Task: Copy each record below faithfully, leaving out images.

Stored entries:
_____
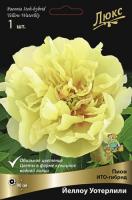 Пион Йеллоу Уотерлили (ИТО) 2/3 1шт (Поиск)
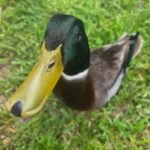 Mallard Ducks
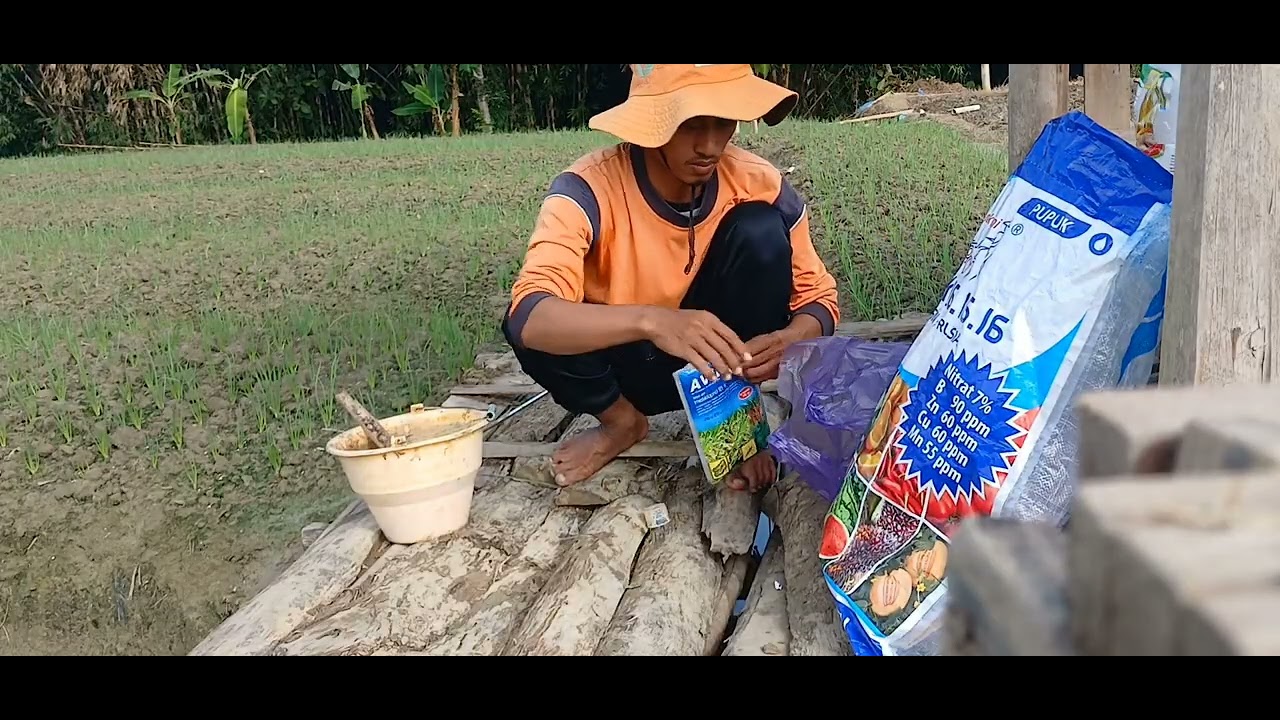 Perawatan tanaman bawang merah umur 9hst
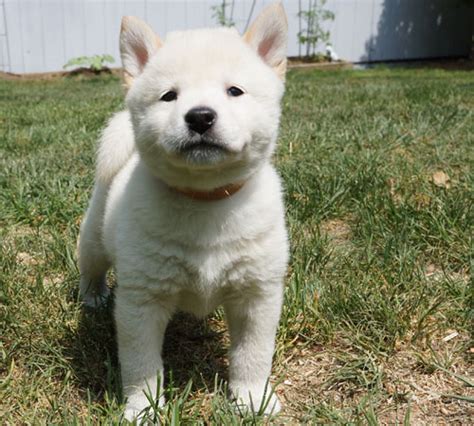 Shiba Inu Puppies | Shiba Inu Puppies by Icewind Shibas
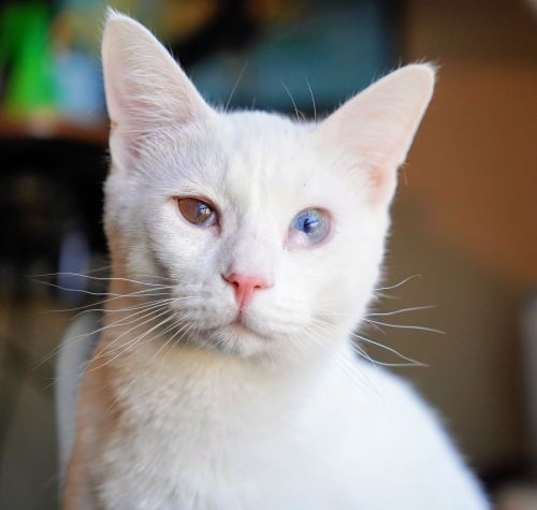 Photo of Arty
_____
Written response:
 Пион Йеллоу Уотерлили (ИТО) 2/3 1шт (Поиск)
 Mallard Ducks
 Perawatan tanaman bawang merah umur 9hst
 Shiba Inu Puppies | Shiba Inu Puppies by Icewind Shibas
 Photo of Arty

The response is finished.